When a house for example, suffers from unoccupancy, insurers would deem that the risk of suffering losses increases exponentially.

This is because it would be susceptible to perils such as vandals, squatters, and people of mischief.

Therefore they often include unoccupancy clauses into insurance policies that give them the right to suspend, or even terminate insurance contracts should a property be left vacant without legitimate residents for an extended period of time.

There are no standard number of days unoccupied that insurers use as a barometer of unoccupancy. It can vary from insurer to insurer.

However, unoccupany is generally observed to be continuous vacancies of between 30 to 60 days.

If a policy states that a house would be categorized as unoccupied after a vacancy of 30 days, then it would have an unoccupany status from the 31st day of vacancy,

If a house that has fire insurance catches fire and is totally condemned, an insurer might refuse to pay the claims should it be found that unoccupany exist.

If there are residents in the house, the chances of arson is lower. Even in the event of fire, the presence of occupants could possibly put out the fire. Limiting losses incurred and prevent total loss.

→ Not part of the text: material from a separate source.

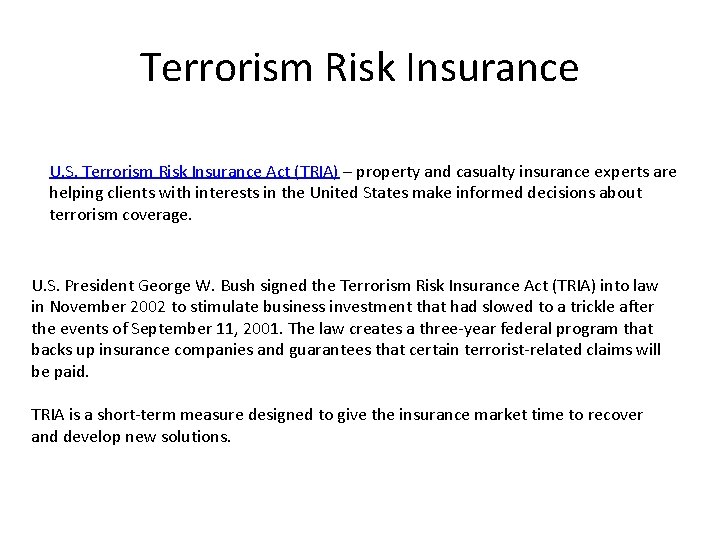 Terrorism Risk Insurance U. S. Terrorism Risk Insurance Act (TRIA) – property and casualty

And a house that looks deserted would sure appear like an easy target for burglars on the lookout for their next pay day.

The wordings of such terms should be stated in the policy contract.

Most home owners would not face this problem as the property would be used as their permanent home residence.

It would be odd indeed for an address to be a family’s place of residence, but no one is home for more than 60 days. Even an extended holiday would seldom exceed 20 days.

A unique situation might still arise if the household moves to a new house but have yet to sell the existing one.

This can possibly be due to an asking price that is too high or that it is a house in a location that simply has too little demand for.

It’s still not a common occurrence though.

However, landlords have to be careful as there is always a possibility that tenants have moved out of the rental property without informing the landlord due to bad relationships between them.

While a landlord might catch wind of it should a month’s rental be missing, sometimes tenants can pay for months in advance. Leaving landlords with prepaid rent.

So in this off situation, there is a chance that the property might be unoccupied without the landlord knowing about it.

The funny thing with insurance is that there are always going to be exclusions with every type of policy. And insurers would then sell policy to specifically cover these exclusions separately.

This is why there are actually special insurance policies that provide coverage for losses incurred on vacant or unoccupied property.